Polarforschung: Tauwetter
Die Antarktis ist die große Unbekannte im globalen Klimapoker: Verliert sie netto an Eismasse und steigert damit den Meeresspiegel? Oder schneit es tatsächlich mehr, und ihre Gletscher gewinnen an Volumen? Neue Daten überraschen und erregen Besorgnis.
Neunzig Prozent der globalen Eismassen türmen sich in der Antarktis und binden drei Viertel aller Süßwasserreserven des Planeten. An seiner dicksten Stelle misst der Eispanzer viereinhalb Kilometer und bedeckt im Winter – wenn das Meer zufriert – maximal dreißig Millionen Quadratkilometer. Gerade einmal zweieinhalb Prozent des Südkontinents bleiben dauerhaft eisfrei, weil es dort zu trocken ist oder das Terrain zu steil: Die Antarktis kann also getrost als Gefrierfach der Erde bezeichnet werden.

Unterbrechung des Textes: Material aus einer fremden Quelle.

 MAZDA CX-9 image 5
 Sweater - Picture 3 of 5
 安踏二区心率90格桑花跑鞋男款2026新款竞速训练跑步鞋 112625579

Folglich schmelzen dort die Eiszungen und schwindet das Schelfeis: Neun von zehn Gletschern haben sich in den letzten Jahrzehnten zurückgezogen und nackten Fels freigelegt. Gleichzeitig zerbröckelt das große Larsen-Eisschelf vor der Küste, das nach bisherigem Kenntnisstand während der letzten 10 000 Jahre durchweg stabil war. Nun aber gibt sein Verlust die Küste und die dortigen Gletscher den Kräften des Meeres preis, was beider Erosion verstärkt. Rund sechzig Milliarden Tonnen Eis sollen dort allein 2006 verschwunden sein.
Uneinheitliche Hälften
Etwas komplizierter sieht das Bild für den großen Rest der Antarktis aus, die von Wissenschaftlern grob in einen kleineren West- und in einen größeren Ostteil unterschieden wird. Ihre Entwicklung geht bislang nach mehrheitlicher Meinung auseinander: Im Westen tauen die Gletscher wohl langsam ab und verloren wiederum 2006 etwa 132 Milliarden Tonnen Masse, wie Eric Rignot von der Universität von Kalifornien in Irvine und seine Kollegen nun bekanntgaben. Bereits kurz vorher meldeten Wissenschaftler um Marco Tedesco vom Joint Center for Earth Systems Technology, dass sich seit Mitte der 1980er Jahre die zeitweilige Schmelze bis zu 800 Kilometer entfernt von der Küste ausgebreitet hat und selbst Höhen von 1600 Metern über dem Meeresspiegel erreicht. Zugleich herrscht an immer mehr Tagen Tauwetter.
Schwierige Datenlage
Um überhaupt an belastbare Zahlen zu kommen, müssen sich Forscher vor allem auf Satelliten verlassen, da auf dem riesigen und harschen Kontinent nur punktuell am Boden Messungen durchgeführt werden können. Mit Hilfe der GRACE-Mission (Gravity Recovery and Climate Experiment) beobachten sie deshalb aus dem All, wie sich die Erdanziehung in der Antarktis verändert. Schließlich unterliegt die Gravitation jahrezseitlichen oder periodischen Schwankungen – etwa durch wechselnde Eis- und Wassermengen über Land und im Meer, die örtlich die Schwerkraftverhältnisse mitbestimmen. Dünnt ein Gletscher zum Beispiel aus, sinkt in diesem Bereich die Gravitation, während sie am ozeanischen Zuflusspunkt ansteigt. Dabei müssen die Glaziologen allerdings beachten, dass sich die Erdkruste hebt, wenn sie vom Eis entlastet wird, und diesen Einfluss herausrechnen. Die so gewonnenen Daten bestätigen jedenfalls Netto-Verluste im Westen der Antarktis und Gewinne im Osten.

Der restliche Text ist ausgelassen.